WHAT TO DO
Starting at the line that contains "50-Piece Adventure Nature" and stopping at the line that contains "Mobiliario de bar, Buffet", transcribe every line of the material below exactly; pictures stay out.

[ENTRIES SUPPLIED Boundary: Start]

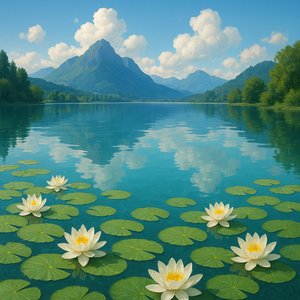 Morning Water Lilies on a Turquoise Lake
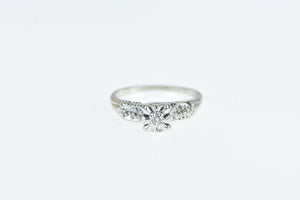 14K 1940's Diamond Classic Vintage Engagement Ring White Gold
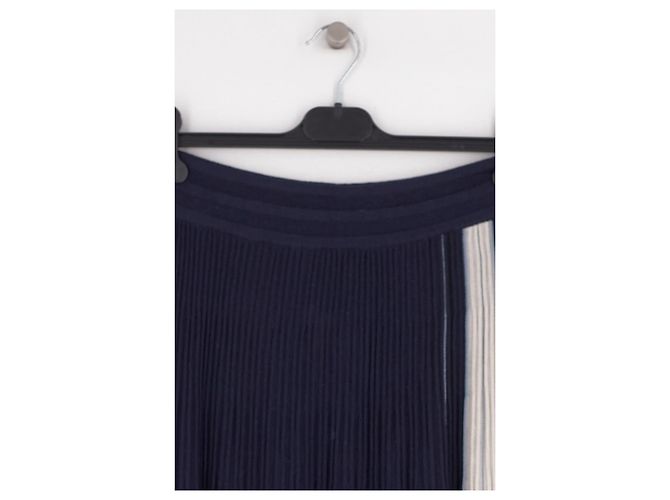 Gonna lunga plissettata in seta blu navy Eric Bompard - vista 3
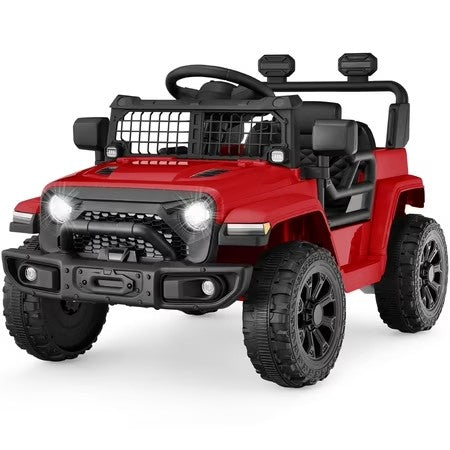 Best Choice Products 6V Kids Ride-On Truck Car w/ Parent Remote Control, 4-Wheel Suspension, LED Lights - Red - A6 - 1573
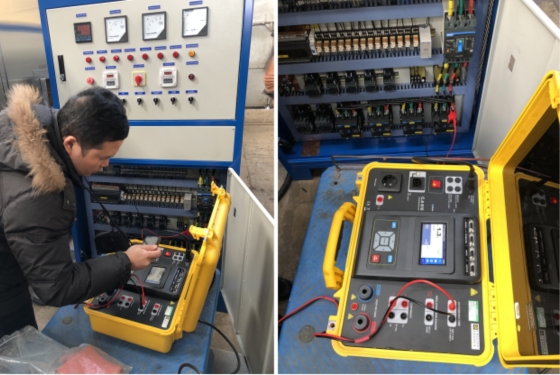 Withstand voltage test of high frequency vacuum dryer oven.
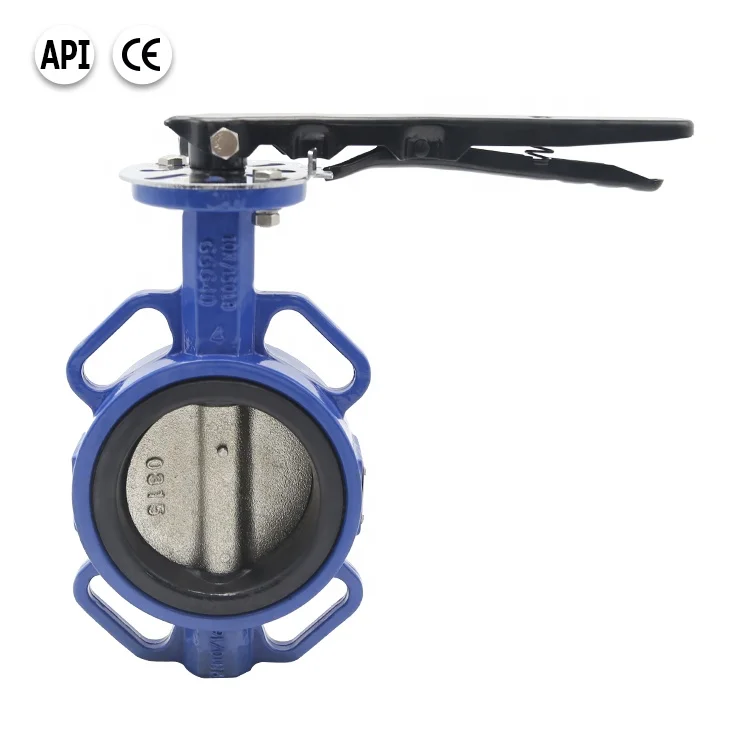 Bundor 6 Inch 300mm lever operated wafer type butterfly valve for water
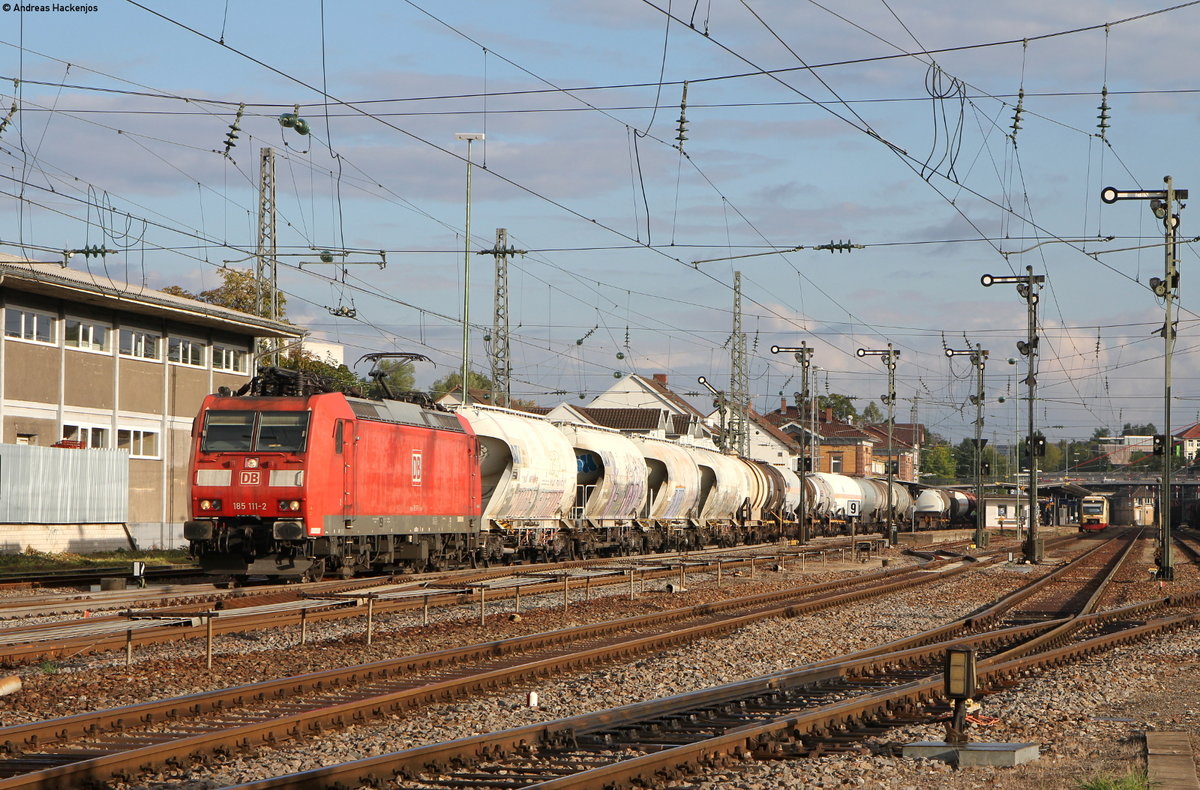 185 111-2 mit dem GM 46288 (Kehl- Rohrwerk) in Villingen 5.9.17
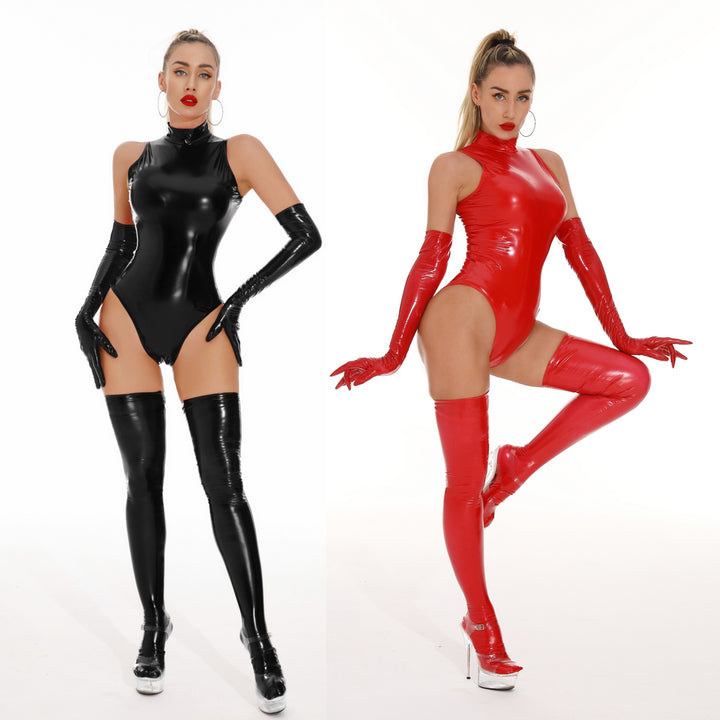 Glossy Patent Sleeveless High Neck Bodysuit
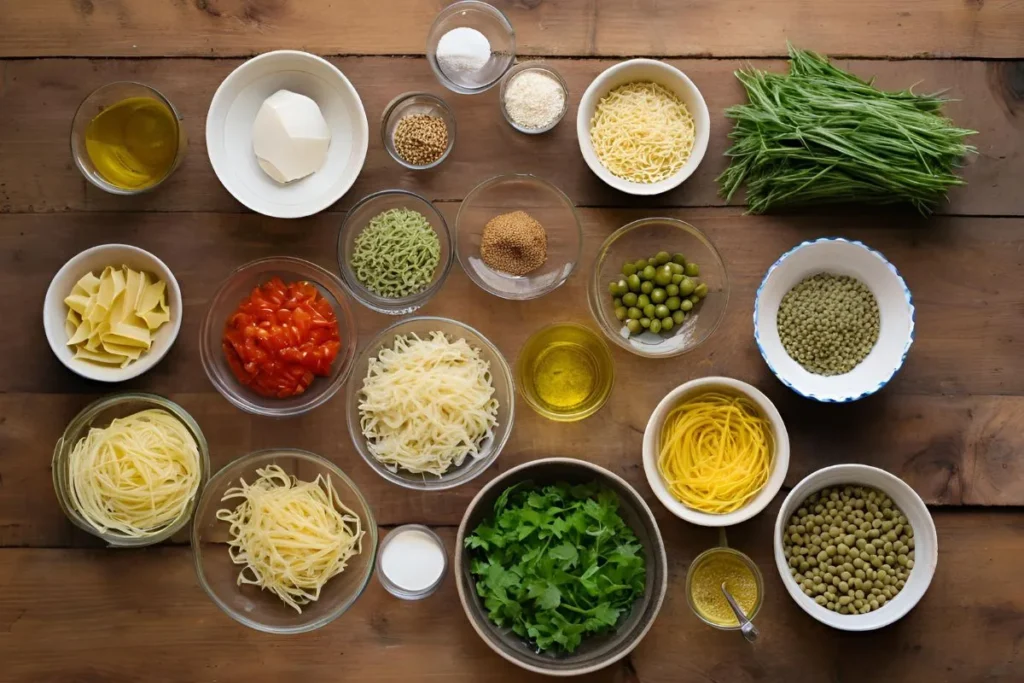 Delicious Pastalaya Recipe: A Flavorful One-Pot Cajun Meal in 30 Minutes 6 Ingredients for a flavorful pastalaya recipe, including chicken, sausage, and vegetables.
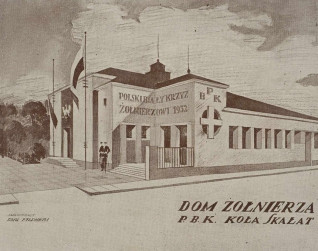 Rysunek architektoniczny Domu Żołnierza Polskiego Białego Krzyża w Skałacie, 1932. Budynek z emblematem krzyża i flagami, przy wejściu stoją dwaj żołnierze.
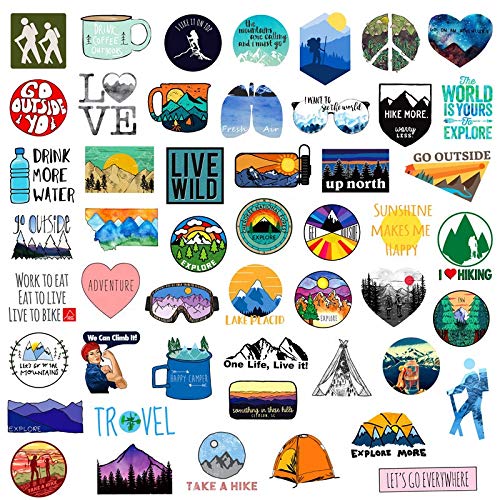50-Piece Adventure Nature Stickers Pack - Waterproof Vinyl Decals for Hiking, Camping, Travel | Perfect for Car Bumper, Helmet, Luggage, Laptop & Water Bottle | Outdoor Enthusiast Gift (GlibertVillageGoods) | Great for Backpacking Gear, Coolers & Adventure Journals
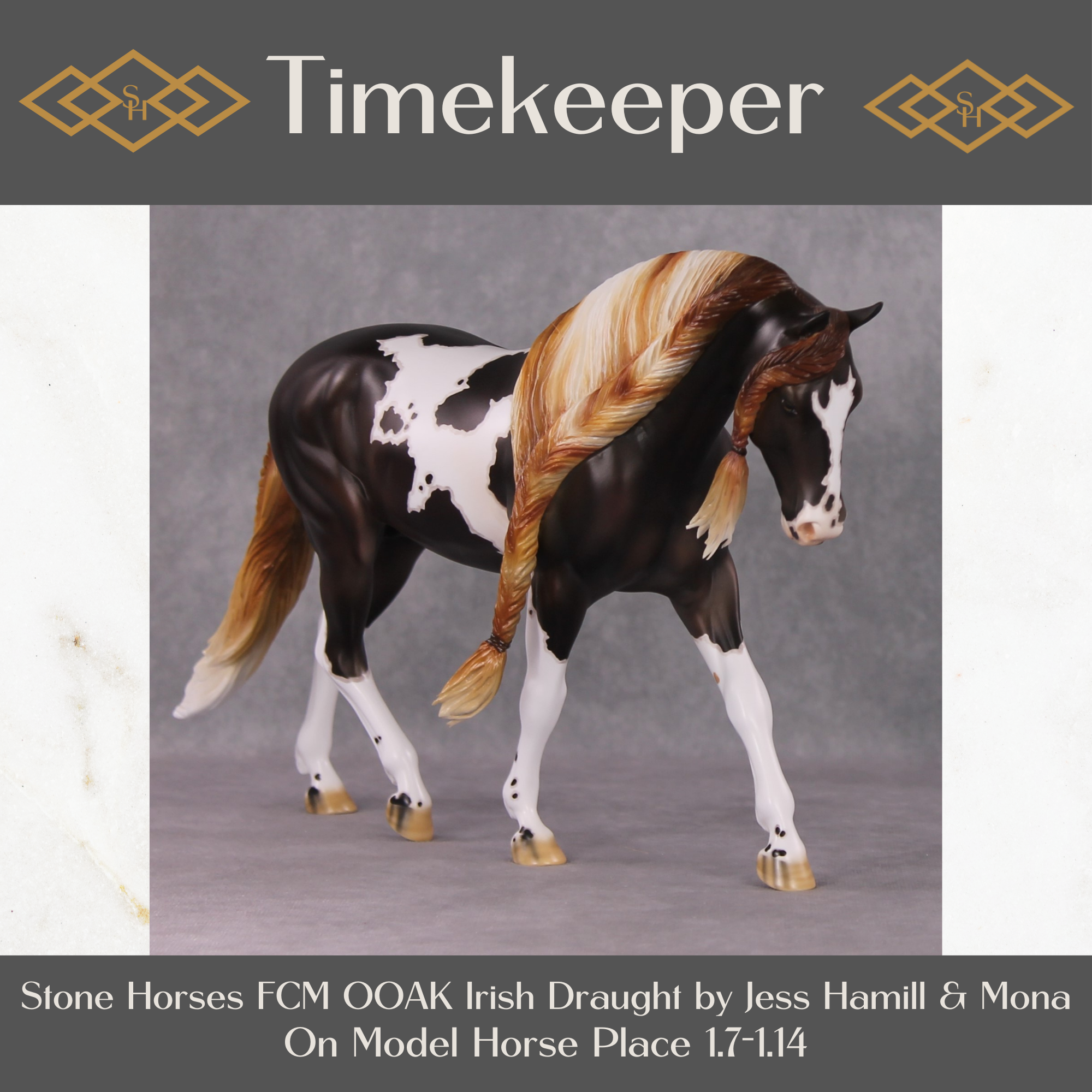 Timekeeper OOAK Chestnut Pinto Irish Draught Painted By Jess Hamill & Mona Best Offer 1/14/25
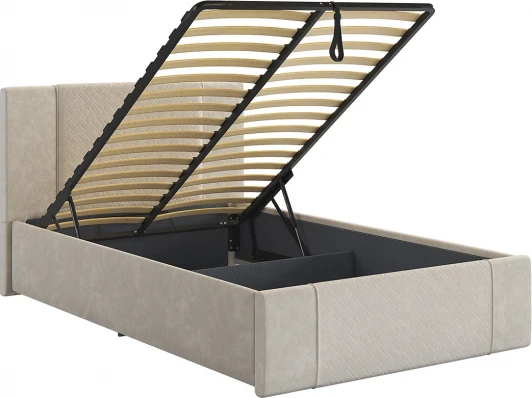 ZP.KM1.2-24.2081 Кровать с подъемным механизмом Хлоя 120х200 см Mebelson (ДСП,Ткань/Кремовый) арт.ZP.KM1.2-24.2081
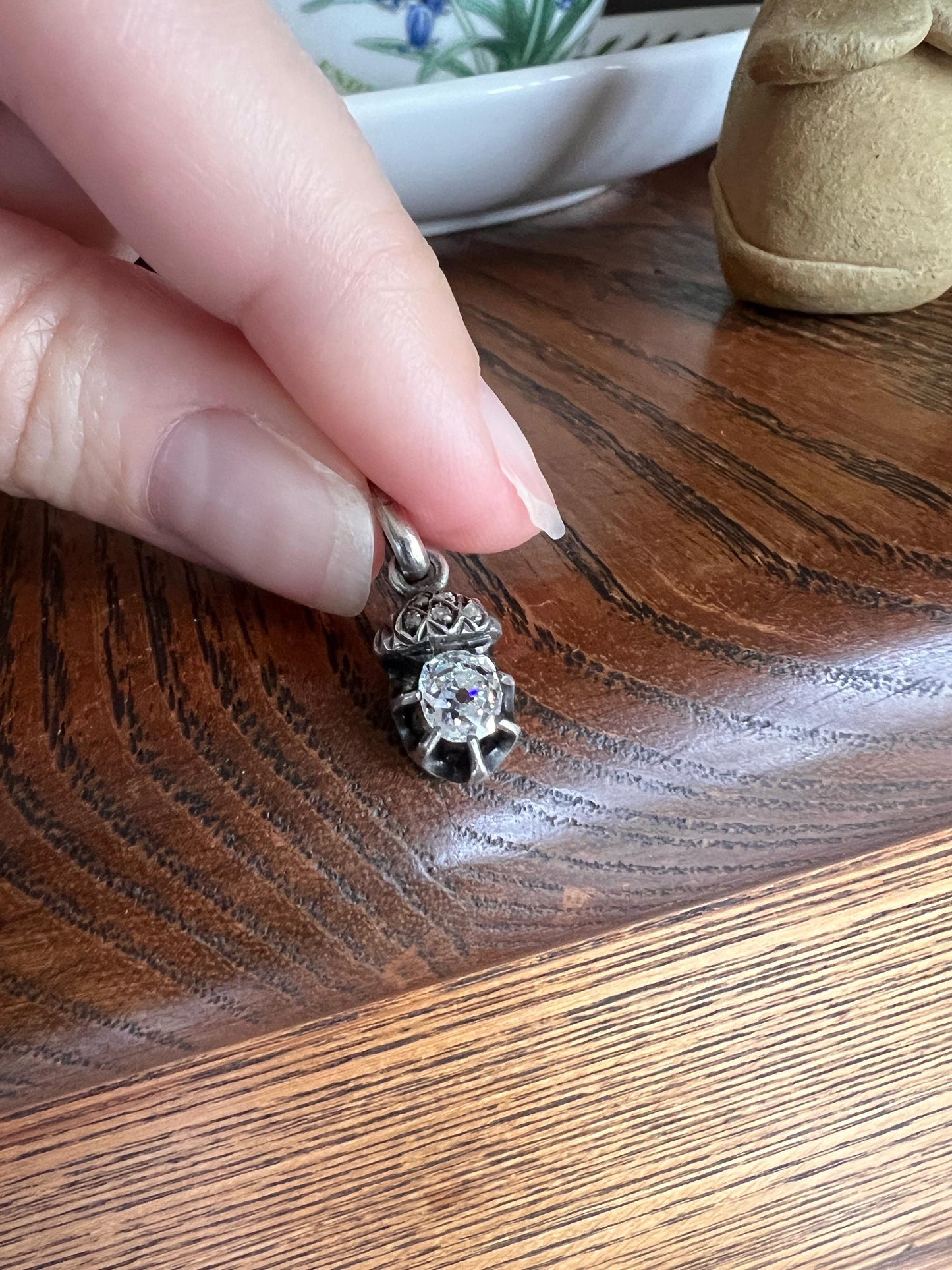 ACORN Eye Clean .65 Carat Old Mine Cut DIAMOND Rose Cut French Victorian ANTIQUE Figural Pendant Necklace or Bracelet Charm 18k Gold Silver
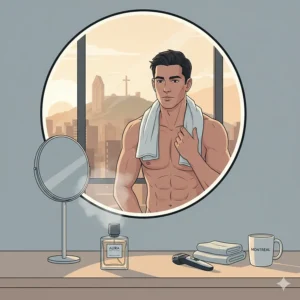 Minimalist illustration of a morning grooming routine featuring fresh cologne for men, perfect for a long day in Montreal.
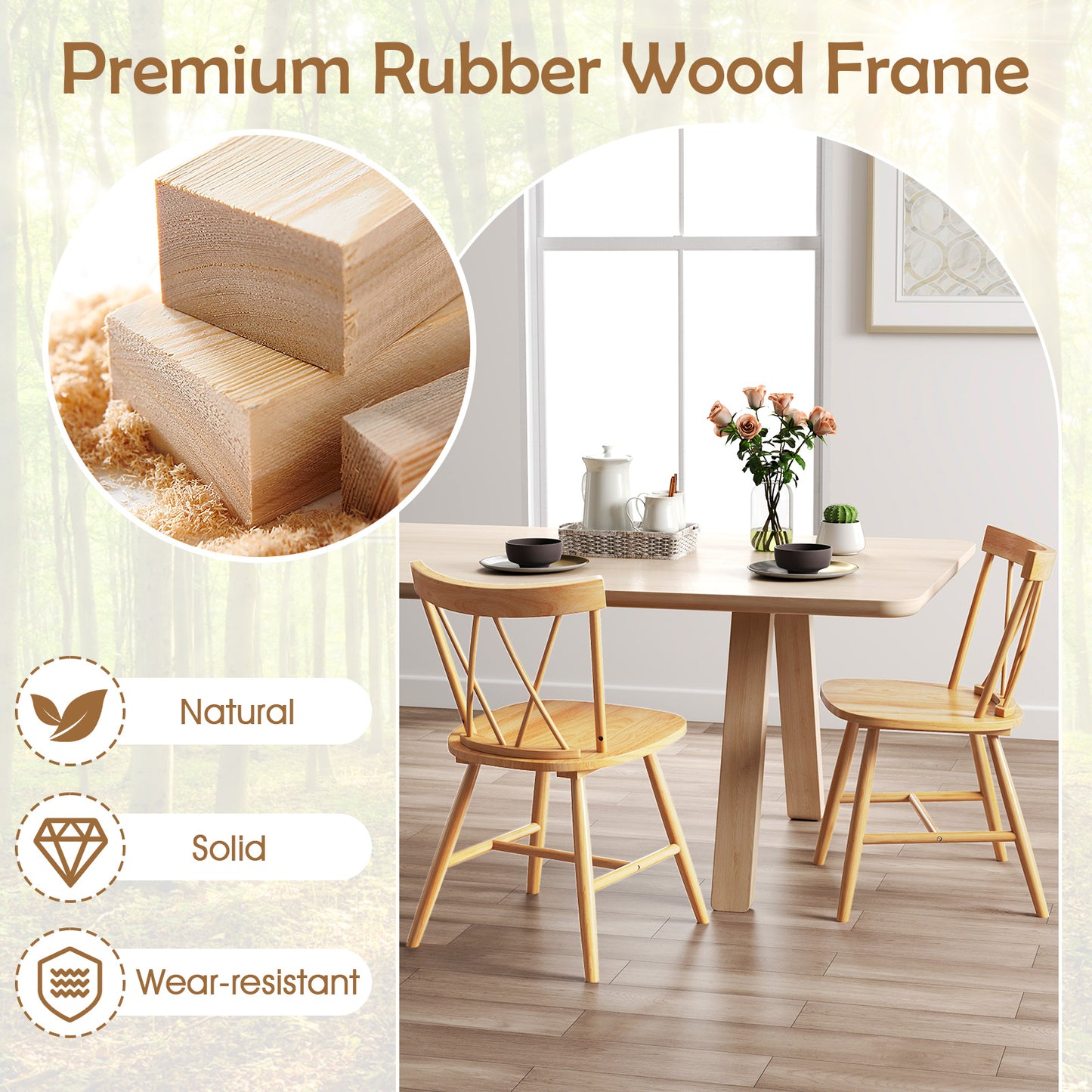 Farmhouse Kitchen Dining Chair Set of 2 with Rubber Wood Frame-Natural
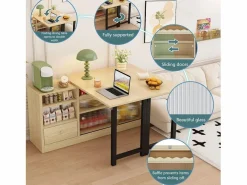 Mobiliario de bar, Buffet con mesa plegable retráctil - gran espacio de almacenamiento - Natural y Negro^ModernLuxe New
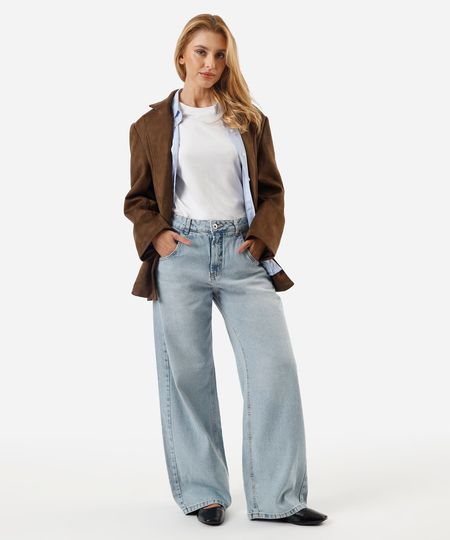 calça jeans oversized cintura média azul 38 calça jeans oversized cintura média azul 38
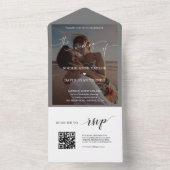 QR Code Airy Greenery Foto Wedding All In One Einladung (Innen Boden)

[ENTRIES SUPPLIED Boundary: End]

TASK RESULT
50-Piece Adventure Nature Stickers Pack - Waterproof Vinyl Decals for Hiking, Camping, Travel | Perfect for Car Bumper, Helmet, Luggage, Laptop & Water Bottle | Outdoor Enthusiast Gift (GlibertVillageGoods) | Great for Backpacking Gear, Coolers & Adventure Journals
 Timekeeper OOAK Chestnut Pinto Irish Draught Painted By Jess Hamill & Mona Best Offer 1/14/25
 ZP.KM1.2-24.2081 Кровать с подъемным механизмом Хлоя 120х200 см Mebelson (ДСП,Ткань/Кремовый) арт.ZP.KM1.2-24.2081
 ACORN Eye Clean .65 Carat Old Mine Cut DIAMOND Rose Cut French Victorian ANTIQUE Figural Pendant Necklace or Bracelet Charm 18k Gold Silver
 Minimalist illustration of a morning grooming routine featuring fresh cologne for men, perfect for a long day in Montreal.
 Farmhouse Kitchen Dining Chair Set of 2 with Rubber Wood Frame-Natural
 Mobiliario de bar, Buffet con mesa plegable retráctil - gran espacio de almacenamiento - Natural y Negro^ModernLuxe New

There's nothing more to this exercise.